5. Management de proximité pour développer les compétences
Les superviseurs doivent être présents sur le plateau d’appels pour observer les interactions des agents et identifier rapidement leurs points forts et leurs lacunes. Organisez des sessions de feedbacks courtes et ciblées, centrées sur des appels concrets plutôt que sur des généralités.
Mettez en place un système de partage des bonnes pratiques. Demandez aux agents performants de montrer leurs techniques de gestion d’appels efficaces. Utilisez ces exemples pour créer des guides pratiques accessibles à toute l’équipe. Objectif : généraliser les bonnes pratiques et stimuler l’intelligence collective.

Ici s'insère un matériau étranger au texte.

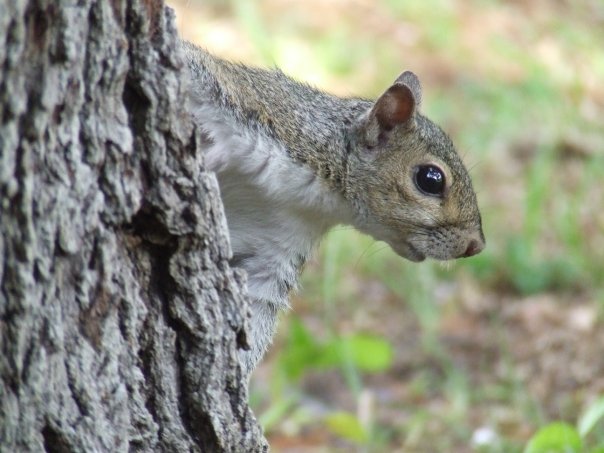 Florida Squirrel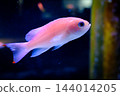 神戶市兵庫區港山水族館的魚類 144014205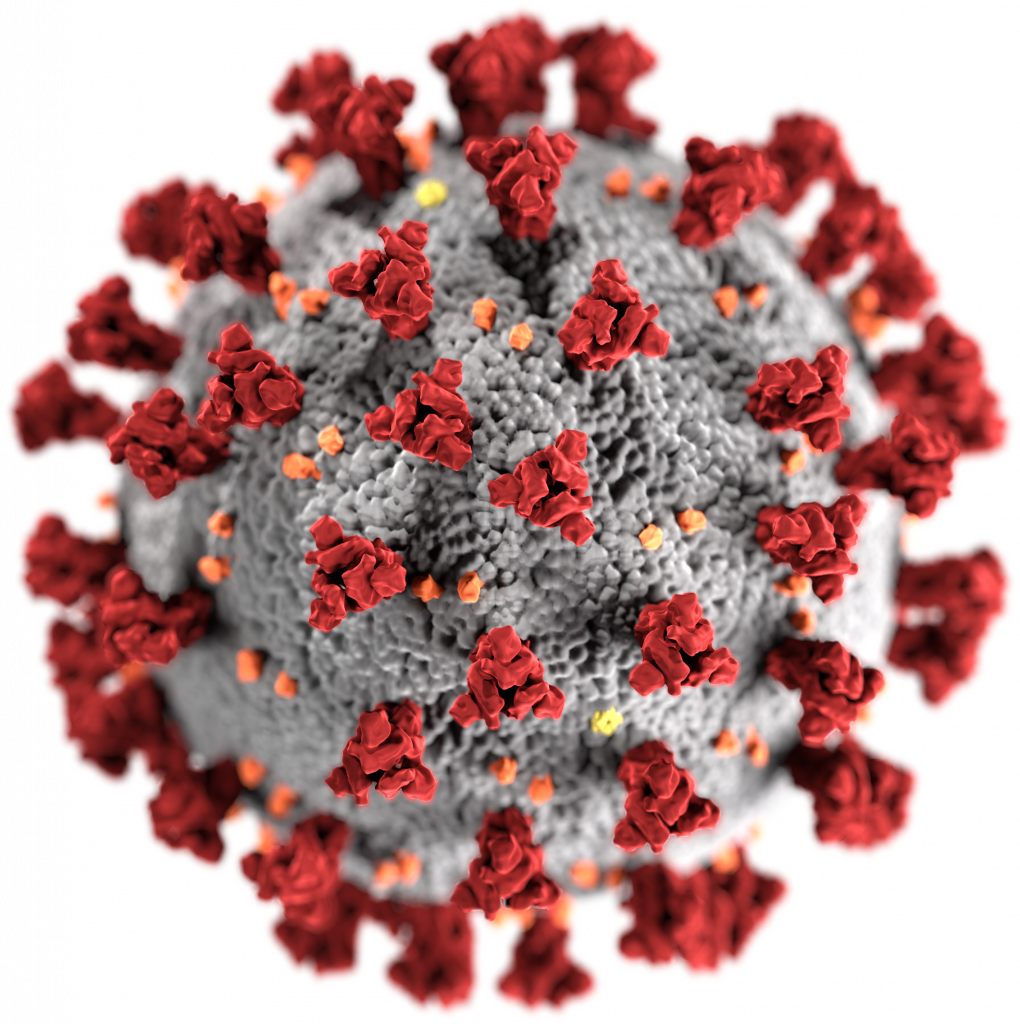 Decifrare la Durata dell’Immunità al SARS-CoV-2: Tra Anticorpi Variabili e Linfociti T Persistenti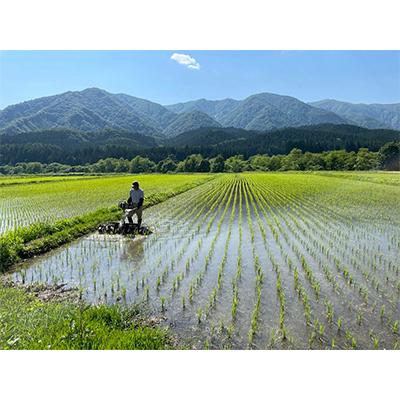 ふるさと納税 最上町 【令和6年産】特別栽培米　蛍たる米コシヒカリ(玄米)5kg |  | 03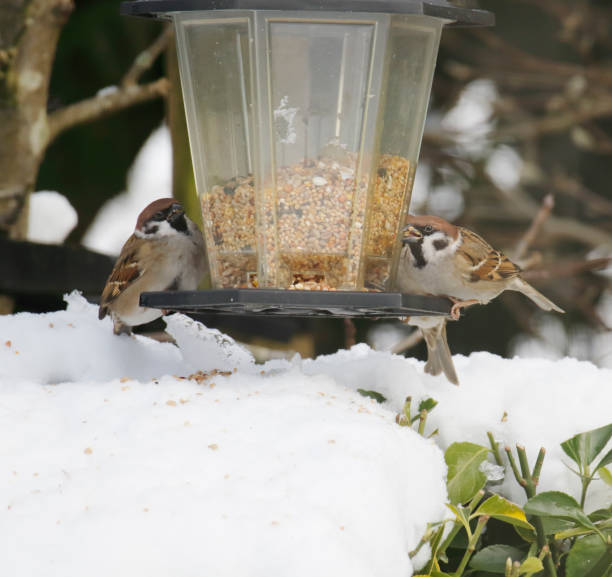 istock European Tree Sparrow (Passer montanus) in Winter 1302440642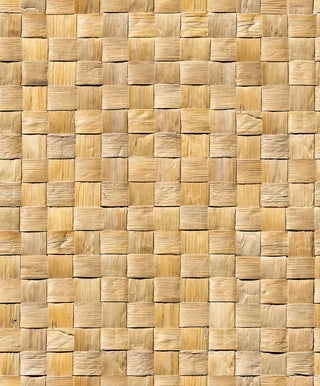 Struktura 2545739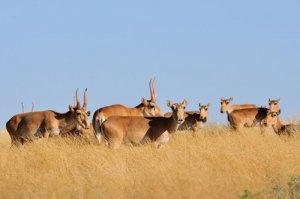 O antílope saiga, uma espécie com uma existência desafiadora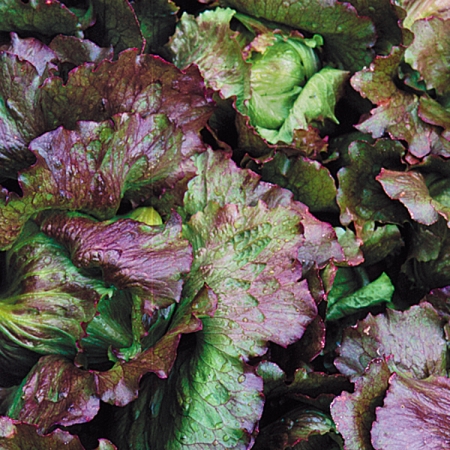 LETTUCE RED ICEBERG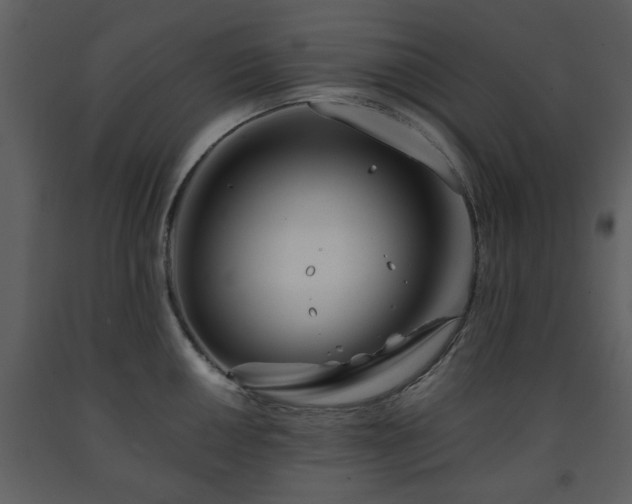 X0000091701050200708241219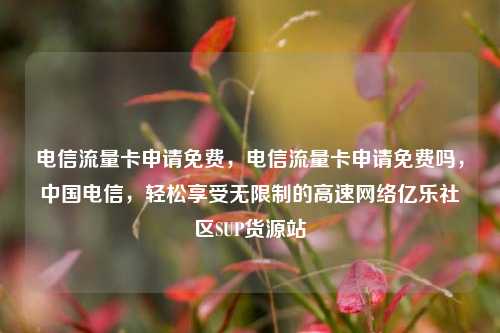 电信流量卡申请免费，电信流量卡申请免费吗	，中国电信，轻松享受无限制的高速网络亿乐社区SUP货源站  第1张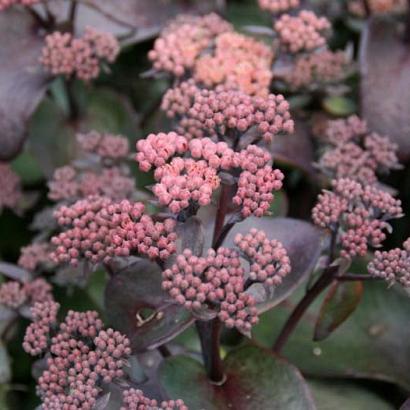 Sedum telephium 'Karfunkelstein'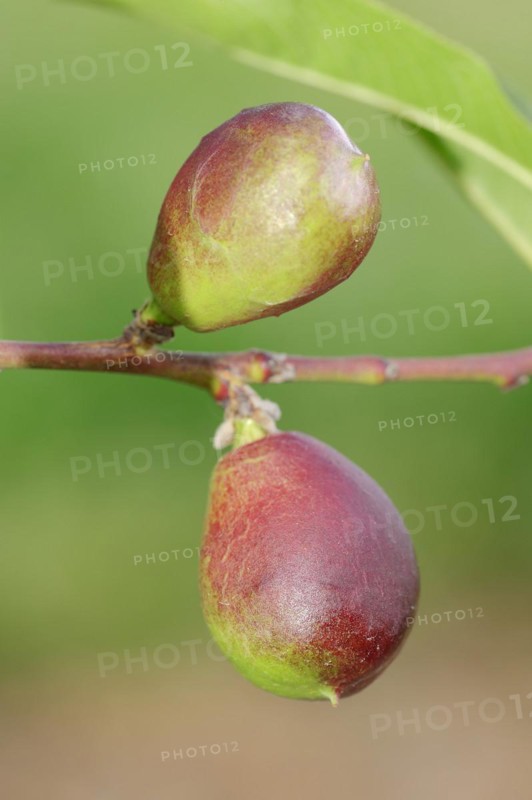 Nectarine (Prunus persica var. nucipersica), unripe fruit on the tree, Provence, southern France
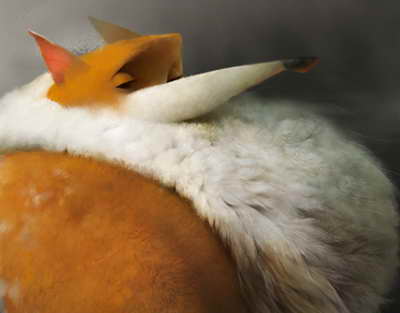 Сал болып қалған 25 жастағы қыз дәрігер көмегі арқылы өмірмен қоштасты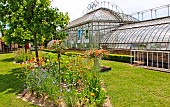Bonnetable vegetable garden. A magnificent glass greenhouse from the 19th century, where several varieties of tomato are grown. The Bonnetable vegetable garden is the work of the Buhler brothers, two landscape designers who also created Le Thabor garden in Nantes. Sarthe, France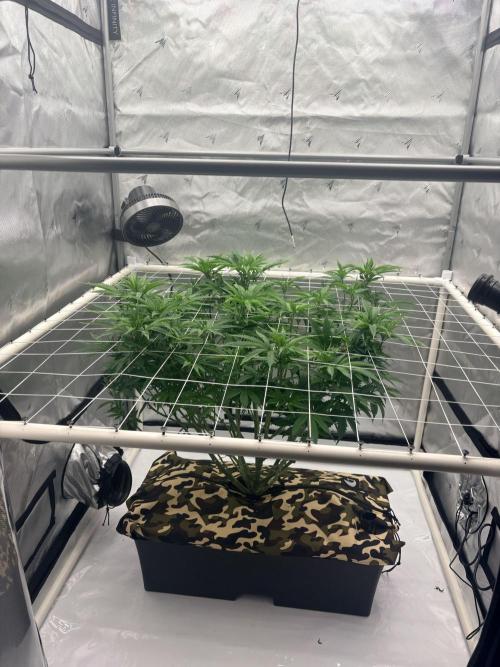 Blue Zen (Blue Guava x Blue Zushi). Week 9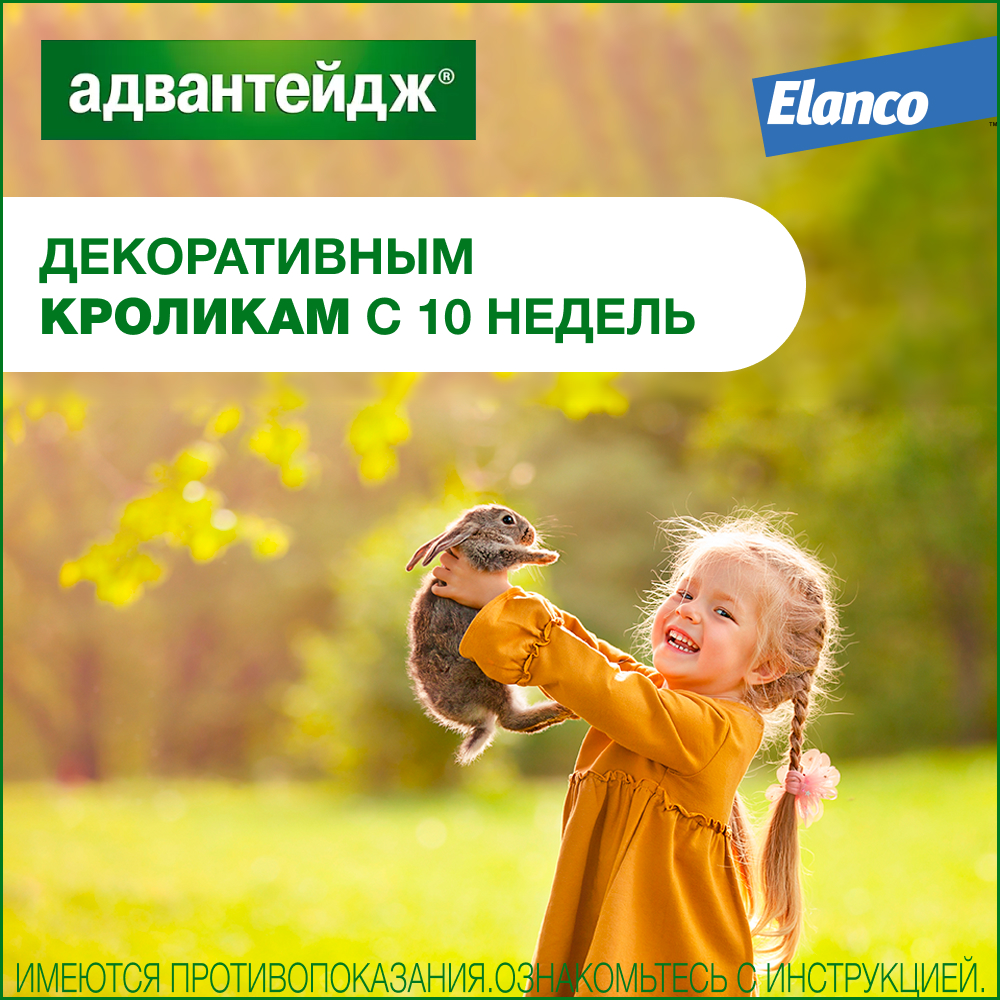 Капли для котят и кошек ELANCO Адвантейдж от блох  (до 4кг), 1 пипетка в упаковке 0,4мл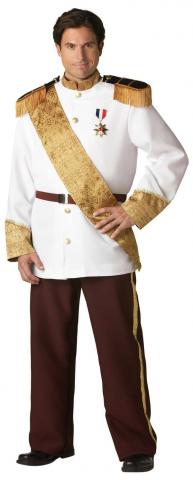 prince costume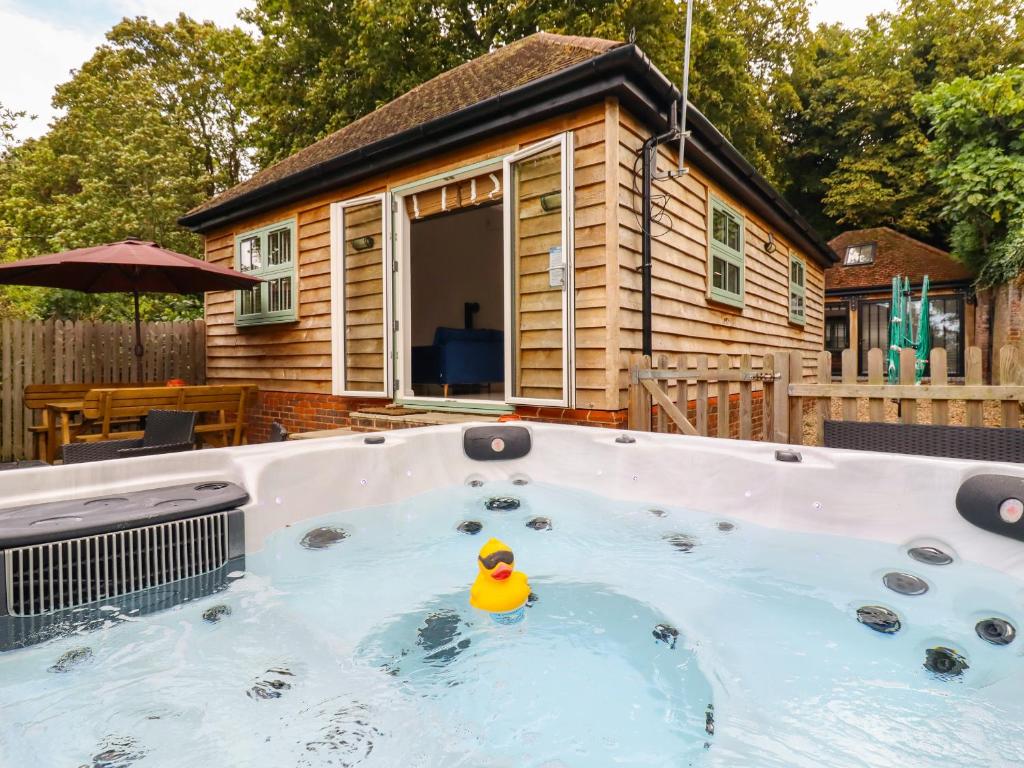 KestonDreamwood Lodge的屋前热水浴池里的橡皮鸭
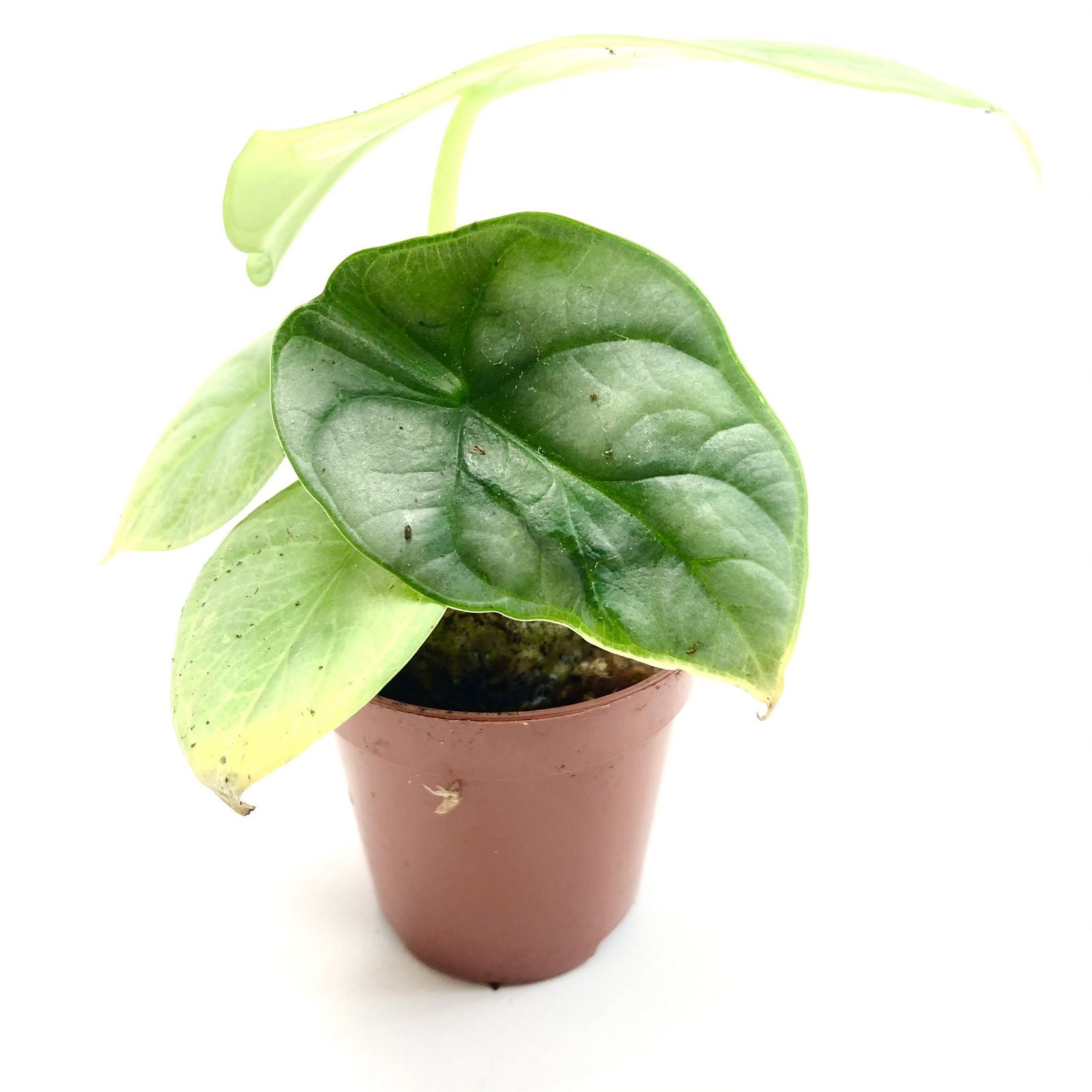 Alocasia Silver Dragon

6. Spécialisation des agents
Dans la mesure du possible, divisez votre équipe en groupes spécialisés par type de demandes : techniques, réclamations, commerciales, etc. Cette approche permet aux agents de devenir progressivement experts dans leur domaine.
Instaurez un système de rotation périodique entre les équipes pour maintenir une certaine polyvalence et éviter la monotonie. Assurez-vous d’avoir un système de routage efficace pour diriger les appels vers l’équipe appropriée dès le départ afin de limiter les transferts inutiles qui augmentent la DMT.
7. Digitalisation et automatisation des tâches
Concentrez-vous sur l’automatisation des tâches administratives post-appel. Mettez en place un système de catégorisation automatique des appels basé sur les mots-clés détectés pendant la conversation. Vous allez pouvoir réduire le temps que les agents passent à classer manuellement chaque interaction.
Intégrez votre CRM avec votre système téléphonique pour afficher instantanément l’historique du client dès le début de l’appel. Vous évitez aux agents de perdre du temps à rechercher ces informations pendant la conversation.
Créez aussi des modèles de réponses pour les emails fréquents que les agents peuvent personnaliser rapidement plutôt que de repartir d’une feuille blanche.
Améliorez enfin vos options de self-service. Une FAQ bien conçue sur votre site web et une base de connaissances facilement accessible permettront aux clients de résoudre les problèmes simples sans avoir à contacter un agent.
8. Les bots pour le routage et les demandes simples
Intégrez des serveurs vocaux interactifs (SVI) pour trier et diriger les appels vers le service approprié dès le premier contact. Vous pouvez également déployer des chat bots pour gérer les demandes écrites courantes et des callbots pour les interactions vocales simples.
Ces outils vous aideront à traiter les questions fréquentes en continu (24/7) pour permettre à vos agents de se concentrer sur les cas plus complexes.